Watching someone attempt to fight off ghosts in real life is nothing like it’s portrayed in the movies. On the big screen it’s all Hollywood special effects and computerized lasers but, in reality, it’s all cursing and screaming the right spells. I saw someone fighting a losing battle with a few demons on my way home the other day. He was wearing a dog collar, sunglasses, a long leather duster, and a backwards baseball cap. Stationed near the side of the road in a wheelchair, he was wailing on a pile of garbage with a claw hammer yelling about how he was a killer. The majority of people gave him a wide birth, disallowing him the ability to prove that claim. I was not to be one of those people and may be curious to a fault.

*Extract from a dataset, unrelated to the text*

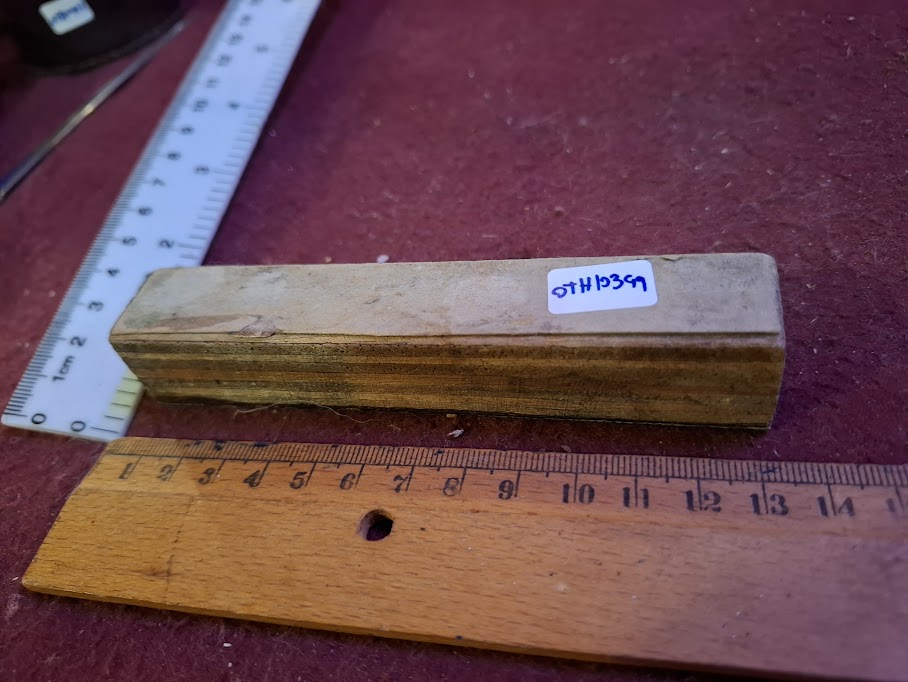 Vintage Stamp ink printing [OTH10399]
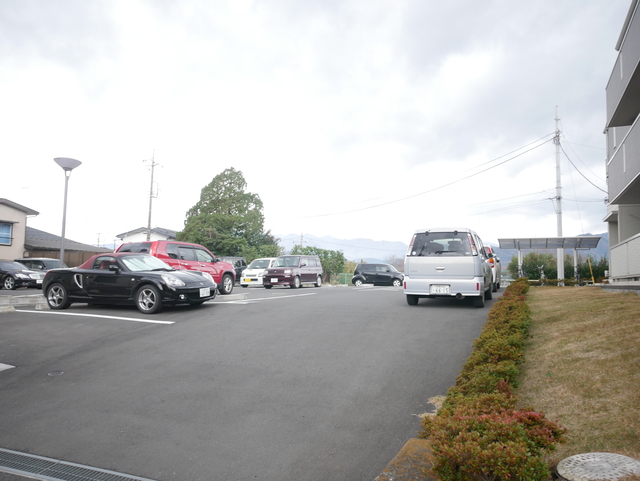 駐車場　★駐車場の写真です★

Finding the situation to be nothing short of surreal, I attempted to photograph the man. It has been my experience that, when a person is doing battle with ghosts, their range of perception is greatly diminished. However, as my phone slowly navigated to its camera app, I realized that I had miscalculated. He was coming for me. For a moment I thought I had a few moments to unfreeze my screen and get off a few award winning snapshots, but he was moving impressively swift for someone in a wheelchair. He started shrieking and swinging his hammer in my general direction. A girl bolted past me and I heard a lady yell that she had called the police. But, just as he was about to strike, I played my trump card of not being in a wheelchair and backed away quickly. Having functional legs gave me a decided advantage and, once I was about fifteen yards away, he refocused his rage back on inanimate objects. Rather than tempt fate a second time, I walked the long way around the block to go home and eat ice cream.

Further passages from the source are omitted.